* AVAILABLE DATA:
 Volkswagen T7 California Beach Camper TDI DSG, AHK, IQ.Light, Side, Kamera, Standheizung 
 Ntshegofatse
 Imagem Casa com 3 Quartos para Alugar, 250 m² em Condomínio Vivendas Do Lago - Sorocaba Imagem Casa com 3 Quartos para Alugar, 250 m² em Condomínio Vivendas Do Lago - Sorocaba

* * *

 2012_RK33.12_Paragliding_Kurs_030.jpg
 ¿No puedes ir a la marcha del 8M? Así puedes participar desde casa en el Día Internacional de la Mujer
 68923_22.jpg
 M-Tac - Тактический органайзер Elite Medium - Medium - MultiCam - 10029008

...

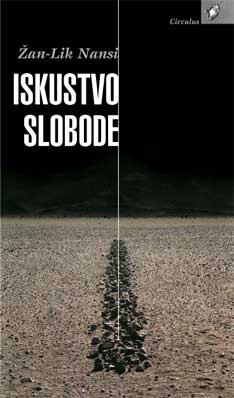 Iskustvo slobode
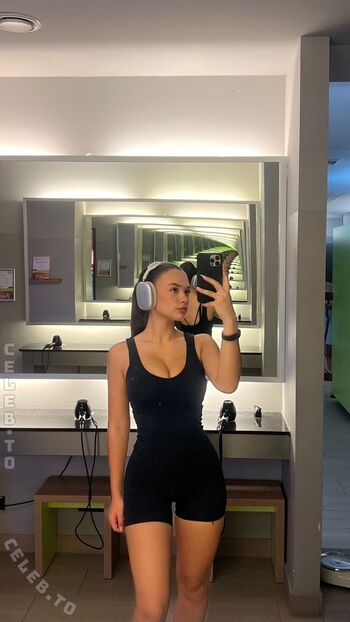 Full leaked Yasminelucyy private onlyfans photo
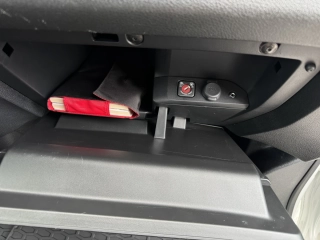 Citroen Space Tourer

* TASK TO CARRY OUT: An exact copy of the lines above between the line holding "Volkswagen T7 California" and the line holding "- Sorocaba Imagem", inclusive, is the whole answer.

* RESULT BELOW:
 Volkswagen T7 California Beach Camper TDI DSG, AHK, IQ.Light, Side, Kamera, Standheizung 
 Ntshegofatse
 Imagem Casa com 3 Quartos para Alugar, 250 m² em Condomínio Vivendas Do Lago - Sorocaba Imagem Casa com 3 Quartos para Alugar, 250 m² em Condomínio Vivendas Do Lago - Sorocaba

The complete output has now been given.